Very interesting post. I never ever assumed subtitling was easy. Its a complex skill and I for one appreciate it when the subtitles are there. It is such a shame your boss' do not give you the time that is clearly needed - especially when it comes to unscripted shows such as the one you describe.

shai said...

thanks ihs! I love ur blog! never knew there's a group of translators/subtitlists out there.

MeeraReed said...

still, your job sounds interesting..
i love subs..
i even watch english movie with english subs..is it weird??
nah..not really..
it's like a-day-without-a-sun to watch movies w/out subs..(hyperbola!)

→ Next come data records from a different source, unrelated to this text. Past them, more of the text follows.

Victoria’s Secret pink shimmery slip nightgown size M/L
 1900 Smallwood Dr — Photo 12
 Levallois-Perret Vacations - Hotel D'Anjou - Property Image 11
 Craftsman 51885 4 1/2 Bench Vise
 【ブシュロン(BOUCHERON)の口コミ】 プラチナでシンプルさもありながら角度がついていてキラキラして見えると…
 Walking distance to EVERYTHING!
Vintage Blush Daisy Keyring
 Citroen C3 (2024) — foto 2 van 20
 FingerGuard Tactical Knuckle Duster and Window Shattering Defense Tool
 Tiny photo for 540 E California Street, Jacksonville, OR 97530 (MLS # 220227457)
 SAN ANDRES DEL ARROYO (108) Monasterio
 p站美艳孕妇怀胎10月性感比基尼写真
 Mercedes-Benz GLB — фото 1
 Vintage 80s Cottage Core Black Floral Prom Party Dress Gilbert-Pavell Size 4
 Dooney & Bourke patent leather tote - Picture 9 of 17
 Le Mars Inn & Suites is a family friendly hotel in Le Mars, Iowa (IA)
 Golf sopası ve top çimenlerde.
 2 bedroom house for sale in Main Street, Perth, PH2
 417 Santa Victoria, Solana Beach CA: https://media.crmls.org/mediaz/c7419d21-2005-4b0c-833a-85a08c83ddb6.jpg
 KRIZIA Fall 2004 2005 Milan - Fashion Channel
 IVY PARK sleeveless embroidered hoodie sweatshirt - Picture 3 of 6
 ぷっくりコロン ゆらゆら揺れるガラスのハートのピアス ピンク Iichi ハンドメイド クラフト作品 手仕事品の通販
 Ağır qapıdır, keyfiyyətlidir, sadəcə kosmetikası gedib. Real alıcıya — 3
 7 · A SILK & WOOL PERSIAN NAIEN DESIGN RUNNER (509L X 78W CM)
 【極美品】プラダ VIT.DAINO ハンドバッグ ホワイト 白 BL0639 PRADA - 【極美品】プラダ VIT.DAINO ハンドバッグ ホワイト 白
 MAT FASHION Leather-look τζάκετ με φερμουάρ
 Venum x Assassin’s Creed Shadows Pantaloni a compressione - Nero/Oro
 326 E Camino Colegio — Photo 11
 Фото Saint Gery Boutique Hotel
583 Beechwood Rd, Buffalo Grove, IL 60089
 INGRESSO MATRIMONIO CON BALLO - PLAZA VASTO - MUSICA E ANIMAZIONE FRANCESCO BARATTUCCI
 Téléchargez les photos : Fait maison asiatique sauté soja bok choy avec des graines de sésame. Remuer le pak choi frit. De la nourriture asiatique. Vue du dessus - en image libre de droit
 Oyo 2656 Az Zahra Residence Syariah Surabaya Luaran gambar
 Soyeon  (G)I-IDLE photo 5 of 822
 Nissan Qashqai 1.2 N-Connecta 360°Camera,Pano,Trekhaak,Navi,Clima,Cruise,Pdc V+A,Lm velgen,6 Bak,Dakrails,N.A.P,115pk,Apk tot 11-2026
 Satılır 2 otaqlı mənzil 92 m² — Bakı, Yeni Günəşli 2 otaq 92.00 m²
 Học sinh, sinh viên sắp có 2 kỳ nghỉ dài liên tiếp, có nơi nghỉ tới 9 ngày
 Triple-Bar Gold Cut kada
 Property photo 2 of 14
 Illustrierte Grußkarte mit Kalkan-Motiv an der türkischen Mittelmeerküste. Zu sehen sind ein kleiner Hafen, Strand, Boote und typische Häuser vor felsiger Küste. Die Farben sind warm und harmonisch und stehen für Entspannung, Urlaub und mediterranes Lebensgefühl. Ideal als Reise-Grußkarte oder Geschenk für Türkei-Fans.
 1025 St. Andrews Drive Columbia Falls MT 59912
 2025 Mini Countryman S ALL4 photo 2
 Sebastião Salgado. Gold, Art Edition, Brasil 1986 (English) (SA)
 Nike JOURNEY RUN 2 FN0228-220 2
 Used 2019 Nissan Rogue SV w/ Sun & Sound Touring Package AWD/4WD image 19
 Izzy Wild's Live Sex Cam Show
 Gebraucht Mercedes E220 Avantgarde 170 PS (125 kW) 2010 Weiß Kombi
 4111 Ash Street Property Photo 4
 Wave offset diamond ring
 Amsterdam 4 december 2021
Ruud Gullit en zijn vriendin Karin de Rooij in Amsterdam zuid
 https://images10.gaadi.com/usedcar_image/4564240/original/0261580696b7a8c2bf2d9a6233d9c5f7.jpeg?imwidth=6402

anyway,keep doing what u love doing.don't give a shit what other people think..
(^_^)

Shai Kamarudin said...

tula, sbnrnya easier tgk filem with subtitles, u dun really need it. bukannya tak paham without it, but it makes it easier for you. tak payah nak tumpukan perhatian btool2 apa yg omputih tu sebut. enhancer. the magic word. :P

Anonymous said...

As for me, all I know is that I know nothing.

Mie said...

totally agree with u sis!!! found ur blog when googling 'astro subtitlist'.. im doing subtitle translation for hindi movies.. but i do think im underpaid.. can we contact thru email.. im realli trying to find a better offer here.. haish.. ya, u're right about the boss.. they send us work like crazy.. contact me pls ahmad.syahmi90@gmail.com
really appreciate ur insight..

Lepixie said...

Hi Shai, I want to be a subtitlist too! It would be reaaally cool of you if you would tell me how I could apply for the job. So...mind giving me some tips? :))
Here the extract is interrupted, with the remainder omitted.